WORK TASK >> Scan the lines below and report each one containing "texture" by copying it.
___ TASK INPUT
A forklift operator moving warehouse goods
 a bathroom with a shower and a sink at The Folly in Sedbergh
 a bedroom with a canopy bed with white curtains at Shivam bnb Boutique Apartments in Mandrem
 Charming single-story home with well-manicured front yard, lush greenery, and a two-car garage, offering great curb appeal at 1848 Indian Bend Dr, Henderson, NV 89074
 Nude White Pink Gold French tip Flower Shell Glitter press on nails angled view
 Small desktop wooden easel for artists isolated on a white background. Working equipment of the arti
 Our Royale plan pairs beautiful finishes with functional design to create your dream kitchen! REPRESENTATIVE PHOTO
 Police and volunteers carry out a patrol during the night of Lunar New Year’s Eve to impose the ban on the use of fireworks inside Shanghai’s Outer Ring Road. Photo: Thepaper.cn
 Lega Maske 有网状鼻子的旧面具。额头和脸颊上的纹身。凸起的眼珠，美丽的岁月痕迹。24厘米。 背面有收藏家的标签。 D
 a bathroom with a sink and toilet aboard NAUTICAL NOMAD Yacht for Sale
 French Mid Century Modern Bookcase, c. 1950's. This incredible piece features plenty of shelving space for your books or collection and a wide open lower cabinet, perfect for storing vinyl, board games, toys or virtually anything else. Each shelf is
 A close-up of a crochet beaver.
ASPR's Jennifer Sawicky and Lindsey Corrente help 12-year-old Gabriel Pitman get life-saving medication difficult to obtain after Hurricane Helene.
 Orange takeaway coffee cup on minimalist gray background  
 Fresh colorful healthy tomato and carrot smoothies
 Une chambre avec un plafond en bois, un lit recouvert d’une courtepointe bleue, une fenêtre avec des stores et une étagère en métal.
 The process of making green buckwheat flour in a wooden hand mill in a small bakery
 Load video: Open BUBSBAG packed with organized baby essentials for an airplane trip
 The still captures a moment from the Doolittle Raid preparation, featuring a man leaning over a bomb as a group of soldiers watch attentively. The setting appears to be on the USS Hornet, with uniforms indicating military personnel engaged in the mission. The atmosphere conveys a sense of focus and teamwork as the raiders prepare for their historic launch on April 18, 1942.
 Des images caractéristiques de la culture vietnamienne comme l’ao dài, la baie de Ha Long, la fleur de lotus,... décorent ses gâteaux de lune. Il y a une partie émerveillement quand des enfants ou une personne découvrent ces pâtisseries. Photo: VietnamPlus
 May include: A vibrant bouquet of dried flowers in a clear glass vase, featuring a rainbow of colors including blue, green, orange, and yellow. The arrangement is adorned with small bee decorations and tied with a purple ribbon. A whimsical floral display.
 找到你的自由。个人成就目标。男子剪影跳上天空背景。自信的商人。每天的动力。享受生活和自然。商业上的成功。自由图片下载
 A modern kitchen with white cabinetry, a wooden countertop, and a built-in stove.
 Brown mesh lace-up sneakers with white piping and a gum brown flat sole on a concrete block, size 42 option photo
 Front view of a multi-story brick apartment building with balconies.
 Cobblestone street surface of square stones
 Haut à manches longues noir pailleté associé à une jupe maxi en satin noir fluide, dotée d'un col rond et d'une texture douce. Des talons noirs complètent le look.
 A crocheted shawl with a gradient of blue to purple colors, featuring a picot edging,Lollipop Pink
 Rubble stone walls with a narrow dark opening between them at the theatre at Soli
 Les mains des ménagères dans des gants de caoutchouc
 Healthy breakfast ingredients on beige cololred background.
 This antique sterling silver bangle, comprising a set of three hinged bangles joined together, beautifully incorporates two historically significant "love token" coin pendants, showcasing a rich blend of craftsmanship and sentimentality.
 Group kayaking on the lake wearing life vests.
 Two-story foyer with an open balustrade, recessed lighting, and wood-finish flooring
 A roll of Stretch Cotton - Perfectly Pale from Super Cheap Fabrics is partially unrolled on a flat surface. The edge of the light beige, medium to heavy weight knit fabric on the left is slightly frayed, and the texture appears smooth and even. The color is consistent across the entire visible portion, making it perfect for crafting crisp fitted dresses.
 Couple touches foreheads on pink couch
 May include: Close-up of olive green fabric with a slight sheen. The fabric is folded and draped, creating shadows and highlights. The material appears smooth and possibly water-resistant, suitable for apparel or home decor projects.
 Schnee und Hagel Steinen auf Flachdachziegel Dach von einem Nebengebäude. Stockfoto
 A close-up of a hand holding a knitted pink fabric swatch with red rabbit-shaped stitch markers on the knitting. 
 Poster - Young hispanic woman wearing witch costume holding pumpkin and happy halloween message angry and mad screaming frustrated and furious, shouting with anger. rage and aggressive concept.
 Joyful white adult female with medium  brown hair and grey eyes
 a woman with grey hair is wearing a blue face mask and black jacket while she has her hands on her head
______
OUTPUT FOR THIS TASK >>
 Haut à manches longues noir pailleté associé à une jupe maxi en satin noir fluide, dotée d'un col rond et d'une texture douce. Des talons noirs complètent le look.
 A roll of Stretch Cotton - Perfectly Pale from Super Cheap Fabrics is partially unrolled on a flat surface. The edge of the light beige, medium to heavy weight knit fabric on the left is slightly frayed, and the texture appears smooth and even. The color is consistent across the entire visible portion, making it perfect for crafting crisp fitted dresses.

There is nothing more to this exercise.